What prevents this firebrand from burning out? “Leaning on a solid support system that includes my partner, friends, co-workers, and colleagues, Granados says. “I do my work with passion but I always prioritize my self-care and well-being. I recharge by running, spending time with my partner and my cats, traveling, and having a glass of wine.”
Of course, Granados didn’t just begin her HIV work yesterday. In fact, she’s been an activist since she was 12 years old, and first shared her personal HIV story. Born in Mexico City in 1986, Granados contracted HIV perinatally from her mother, who became positive after a blood transfusion. It wasn’t until five years later that the family learned their status. By that time, Granados recalled, “My dad was the one getting sick.” Speaking to News Bytes last year, she explained, “In 1991, they didn’t really test people like him — a young, married, heterosexual male. By the time doctors diagnosed him, there wasn’t much else they could do for him. It was too late.”
He passed away two months later. Granados, her mother and a younger sister (who is HIV-negative) immigrated to Los Angeles, where Granados says she was privileged to have access to good medical care. But growing up as one of the first generation of children born with HIV wasn’t easy: “We’ve faced stigma and rejection from the moment we were born.”
Fearing that those stories are being largely forgotten in the history of HIV, Granados set out to rectify that situation with the documentary film We’re Still Here. The film is screening around the country, including at the National Conference on Social Work and HIV/AIDS in Minneapolis next month.
We're Still Here — which Granados says is the accomplishment she is most proud of — follows Granados as she seeks out other people who were born with HIV and begins to establish a community where one hadn’t existed before.
“It gave me the unique opportunity to fully use both my personal and my professional experience,” Granados tells Plus. “Which is often hard for a woman who was born with HIV and who works predominantly with young gay men who acquired HIV behaviorally. Creating the film gave me the opportunity to share my story through the stories of other people like me, and to add this often forgotten narrative to the history of HIV in the 80s and 90s and to the documented experiences of long term survivors.”
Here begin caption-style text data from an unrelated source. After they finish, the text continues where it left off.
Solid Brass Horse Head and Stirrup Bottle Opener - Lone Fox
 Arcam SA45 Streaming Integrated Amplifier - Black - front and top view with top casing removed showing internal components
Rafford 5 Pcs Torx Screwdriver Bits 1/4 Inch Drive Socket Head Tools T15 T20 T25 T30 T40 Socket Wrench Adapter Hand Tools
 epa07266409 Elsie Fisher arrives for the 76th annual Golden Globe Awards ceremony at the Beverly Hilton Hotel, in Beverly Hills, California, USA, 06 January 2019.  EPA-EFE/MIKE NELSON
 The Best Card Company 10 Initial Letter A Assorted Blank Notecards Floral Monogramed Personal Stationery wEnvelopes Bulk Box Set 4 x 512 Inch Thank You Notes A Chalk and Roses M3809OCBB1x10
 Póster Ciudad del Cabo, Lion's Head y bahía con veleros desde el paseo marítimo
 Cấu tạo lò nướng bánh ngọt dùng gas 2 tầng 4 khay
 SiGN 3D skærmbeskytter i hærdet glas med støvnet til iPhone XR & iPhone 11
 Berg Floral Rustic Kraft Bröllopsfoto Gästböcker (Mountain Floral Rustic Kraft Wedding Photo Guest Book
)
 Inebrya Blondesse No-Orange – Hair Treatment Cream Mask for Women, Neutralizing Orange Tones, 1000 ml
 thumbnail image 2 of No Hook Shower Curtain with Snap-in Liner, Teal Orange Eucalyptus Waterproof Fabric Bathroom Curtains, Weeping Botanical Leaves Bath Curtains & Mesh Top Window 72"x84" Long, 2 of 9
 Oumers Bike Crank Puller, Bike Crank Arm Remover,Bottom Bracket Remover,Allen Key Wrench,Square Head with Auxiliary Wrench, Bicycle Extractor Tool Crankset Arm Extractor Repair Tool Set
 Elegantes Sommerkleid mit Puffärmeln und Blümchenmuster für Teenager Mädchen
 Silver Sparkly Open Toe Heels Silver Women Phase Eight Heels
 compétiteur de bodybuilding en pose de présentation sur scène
One of Granados’s next challenges also hinges around that professional-personal divide. “I turn 30 this year and will no longer fit into the most stretched definition of youth or young adult.”
Still, she remains determined to continue creating “spaces and opportunities for other youth, especially young women, to have leadership opportunities in the HIV field. I had a lot of support and encouragement to help me achieve all that I have and it is my turn to support and encourage the many young people I know who are leaders and have the passion to make a difference.”
Asked if there was one big, moon-shot problem she hopes to solve with her life's work, this HIV-positive superwoman doesn’t hesitate to dream big and frighten those buttoned-down politicians: “My life's mission is to dismantle the white supremacist patriarchy.”